Glenn Martens : après ses coups d'éclat, rencontre avec le nouveau génie de la mode belge
"Je suis heureux, extrêmement heureux, follement heureux [...]. [la collection], c'est moi, mon univers. Et en même temps, c'est quelque chose qui va au-delà de ma propre histoire et la projette dans l'avenir." Jean Paul Gaultier, enfant terrible de la mode française, est excité, assis dans la grande salle de son atelier parisien de la rue Saint-Martin. Après avoir tiré sa dernière révérence sur le podium à l'issue de son défilé Couture printemps 2020, le créateur s'est retiré de son marathon de collections qui dure depuis des décennies et a fait appel à d'autres créateurs pour réimaginer la partie couture, à commencer par Chitose Abe de Sacai. Gaultier a récemment passé les rênes au directeur de la création de Y/Project et Diesel, Glenn Martens, qui a conçu la collection Couture printemps-été 2022.
"J'ai l'impression d'avoir subi un lifting", plaisante Gaultier. "J'ai adoré cette collection, la façon dont il a interprété mon univers. L'approche moderne des techniques et le savoir-faire de la haute couture - le résultat dépasse tout ce que je pouvais imaginer." Glenn Martens - dont le premier emploi à la sortie de l'école d'art a été à l'atelier de Jean Paul Gaultier en 2008 - a présenté 36 looks, en gardant à l'esprit les signatures de Gaultier : rayures marinières, corsets et robes de soirée mousseuses, le tout avec la tournure déconstruite pour laquelle Martens s'est fait connaître chez Y/Project. "Je voulais que ce soit une fête", déclare le Belge. "Pour rendre hommage à l'héritage créatif de la maison".

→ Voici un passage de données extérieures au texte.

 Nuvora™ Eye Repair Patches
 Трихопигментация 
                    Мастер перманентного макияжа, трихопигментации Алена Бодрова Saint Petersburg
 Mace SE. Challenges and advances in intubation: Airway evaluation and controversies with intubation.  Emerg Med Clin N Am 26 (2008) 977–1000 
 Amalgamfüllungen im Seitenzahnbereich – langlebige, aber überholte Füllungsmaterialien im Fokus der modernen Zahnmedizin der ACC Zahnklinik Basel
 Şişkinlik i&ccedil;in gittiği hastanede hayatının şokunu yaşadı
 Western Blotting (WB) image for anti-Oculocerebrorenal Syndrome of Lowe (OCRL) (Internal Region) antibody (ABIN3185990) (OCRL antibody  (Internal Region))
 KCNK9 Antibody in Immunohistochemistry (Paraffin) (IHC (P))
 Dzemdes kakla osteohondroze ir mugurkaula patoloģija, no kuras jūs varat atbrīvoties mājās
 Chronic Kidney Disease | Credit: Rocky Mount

"La couture a toujours été plus qu'un rêve abstrait pour moi. C'est un laboratoire plus que tout autre chose. Pour inventer des formes contemporaines et créer des vêtements capables de dialoguer avec la réalité. Imaginer des créations prêtes à habiller une clientèle qui existe réellement. Inventer le futur à travers des techniques et un savoir-faire incroyables", explique Jean Paul Gaultier. "Une robe, même quand elle fait rêver, doit aussi pouvoir être portée. La mode doit être en contact permanent avec la vie et la réalité. Mon travail de créateur a toujours été celui de sentir et de percevoir ce qui se passe dans le monde réel."

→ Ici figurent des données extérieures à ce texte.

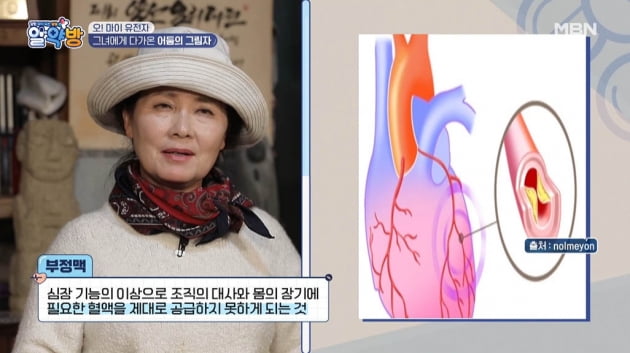 [종합] '복길엄마' 김혜정, "'전원일기' 후 우울증 …부정맥에 '완전한 공포' 느껴"('알약방')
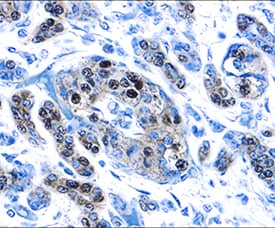 PDX-1/IPF1 antibody in Human Pancreatic Cancer Tissue by Immunohistochemistry (IHC-P).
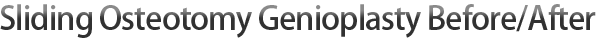 Sliding Osteotomy Genioplasty Before/After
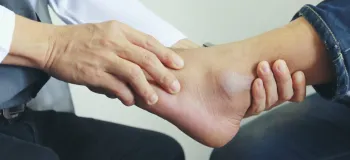 شکستگی قوزک پا چه علائم و درمانی دارد؟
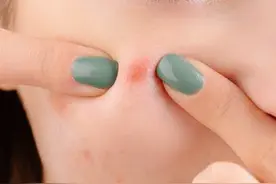 脸颊两侧长痘的原因你知道吗？图片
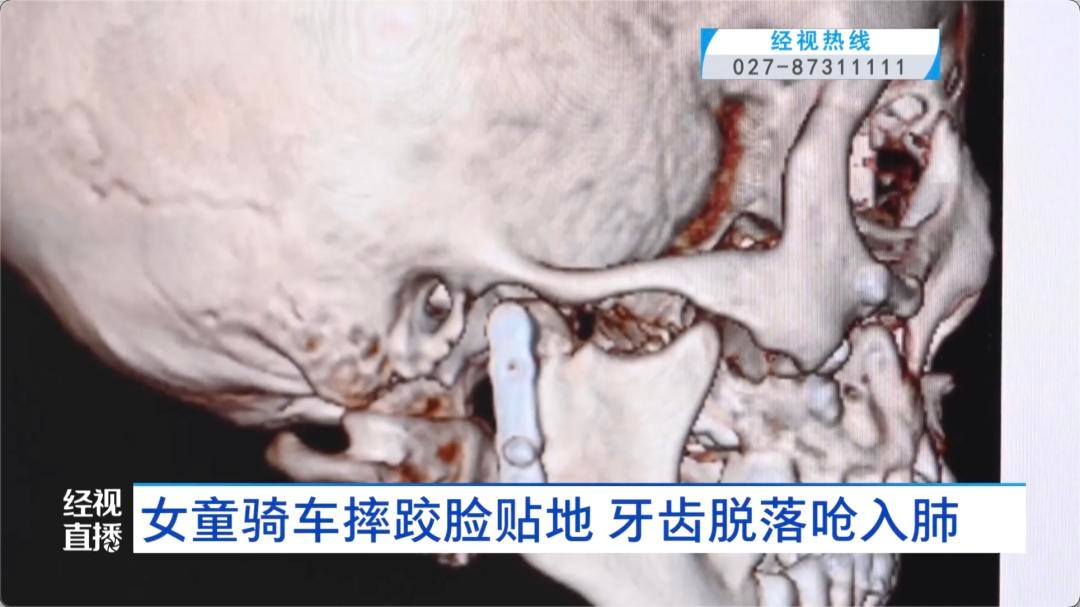 8岁女童骑车跌落命悬一线！牙齿呛入支气管如何化险为夷？  第4张
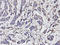 Transforming Growth Factor Beta Induced antibody, LS-C332168, Lifespan Biosciences, Immunohistochemistry frozen image 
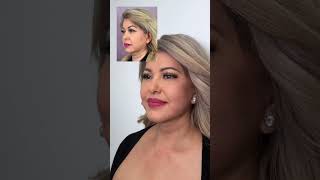 Facelift Make Her Look 15 Years Younger! Full Facial Plastic Surgery Transformation 🤯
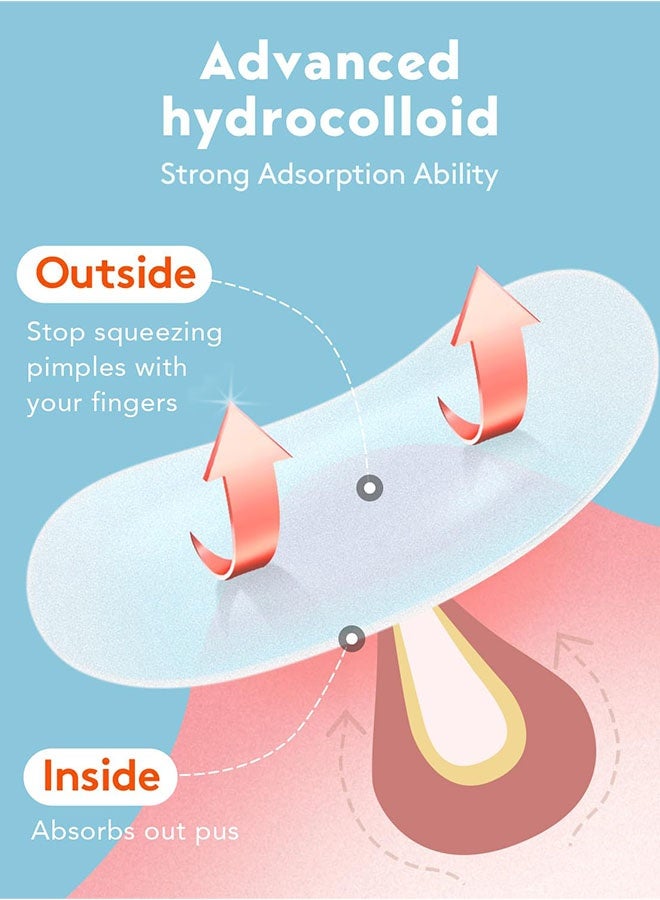 general Large Acne Pimple Patches, 5 Sizes 80 Patches for Large Breakouts, Acne Patches for Face, Chin or Body, Acne Spot Patch with Tea Tree & Calendula Oil, Hydrocolloid Bandages for Acne Skin - Image 5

Cet ancrage dans la réalité lie les deux créateurs. Glenn Martens, 38 ans, considère sa vie quotidienne à Paris comme sa plus grande inspiration : "Ce qui m'inspire le plus, ce sont mes amis et les gens dans la rue - sortir et voir comment les enfants s'habillent", explique le créateur. "Je suis toujours en train de regarder les gens de manière très obsessionnelle".
Le temps d'une interview exclusive, L'Officiel a pu s'entretenir avec Glenn Martens au sujet de sa création pour Jean Paul Gaultier et de sa nouvelle aventure chez Diesel.
L'OFFICIEL : Entre Y/Project, Diesel et la création de la collection de couture de Jean Paul Gaultier, comment gérez-vous tout cela ?
GLENN MARTENS : En n'y pensant pas trop, parce que si vous y pensez, vous commencez à paniquer. C'était une saison très intense - je ne sais pas comment les autres créateurs font, pour avoir autant de marques et autant de collections. Mais le fait est que je viens d'une famille très stricte. Mes grands-parents du côté de ma mère étaient tous issus de trois générations de personnes dans l'armée. J'ai aussi cette manière flamande très structurelle de travailler parfois, donc je peux être très intense. C'est ainsi que j'ai dû procéder cette saison. Il n'y avait pas beaucoup de temps pour une vie personnelle, mais ce n'est pas grave. J'ai la chance de travailler sur trois projets.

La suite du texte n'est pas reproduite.